If I memorize the French, and understand nothing, and White deviates with an inferior move (5.Ne2 or 5.f4 in the advance French), I would be as good as lost. Spend 30 minutes thru move 10 to play the wrong moves rather than the right moves like in the first scenario.
The first scenario, for me, would be the Italian Game. I understand it. I know all the ideas. When to play h3, when not. When to play b4 and a4, when not. But I do not have a bunch of lines memorized, and so it takes me time to get to move 15.
The second scenario for me would be the French Defense, of course, and hence why that was the opening used in the example.
The third scenario for me would be the Grunfeld. Sure I know a few lines to the mid-teens, like the Seville (12.Bxf7+). But deviate once send I am clueless. I just do not get the Grunfeld at all.
Hope this helps distinguish the importance of understanding vs memory. It is not 100 vs 0, but understanding an opening is more critical than memorization, though both play their parts.
Unlike many chess writers, Soltis is prepared to say that some memorisation is necessary.

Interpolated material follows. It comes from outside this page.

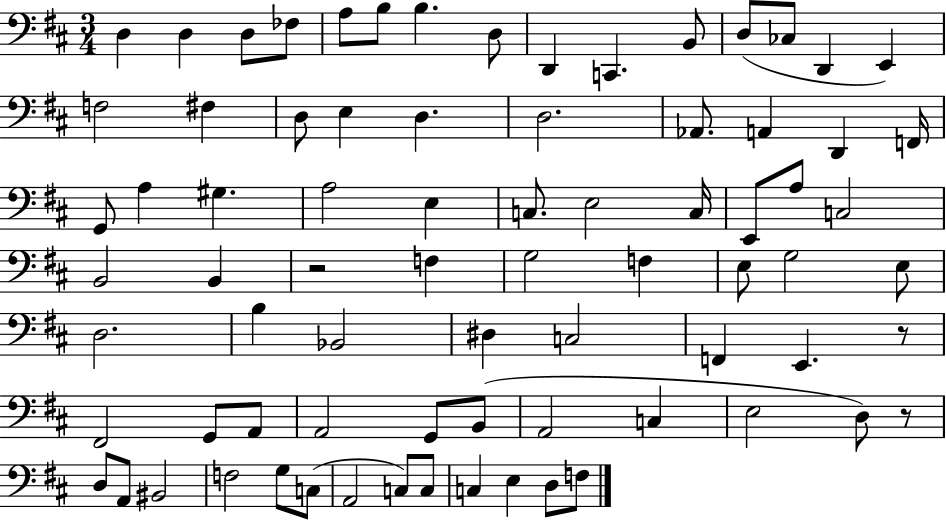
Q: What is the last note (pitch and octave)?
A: F3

The old-style rote memorisation in schools has gone out of fashion in many western countries. In some ways that is a good thing, but sometimes the balance tips too far the other way and there's no attempt to memorise anything.
This extract is from his book "Studying Chess Made Easy", Chapter 4.
// If you believe grandmasters, the worst words in chess are 'memory' and 'memorize.' "Chess cannot be played from memory," declared Siegbert Tarrasch. "I don't really memorize anything," said Tony Miles. "The student must avoid the trap of memorization," wrote Eugene Znosko-Borovsky.
This has become the 11 th Commandment: Thou shalt not memorize.
But that leaves a student bewildered. "How am I supposed to learn anything," he wonders, "unless I commit some of what I study to memory?" The answer is: You can't. Every player memorizes.
Grandmasters do it more than anyone else. GMs spend most of their study time cramming analysis into their long-term memory. They rely on memory when they play their first dozen or so moves of a game. They rely on memory when they play 'exact' endgames.
A typical GM has memorized a vast number of moves and key positions at both ends of the game. And this doesn't include the patterns and priyomes he amassed through subconscious memorization.
"Memory is very, very important," said Roman Dzindzichashvili
in a rare admission by a grandmaster. "Actually it's one of the most important things for success in this game."
In this chapter we'll try to put memorization into its proper place and explore the broader issue of how to study openings.
First, all good opening play is part memory and part understanding. You can argue about which matters more. But what is clear is you use memory first.//
Any comments welcome.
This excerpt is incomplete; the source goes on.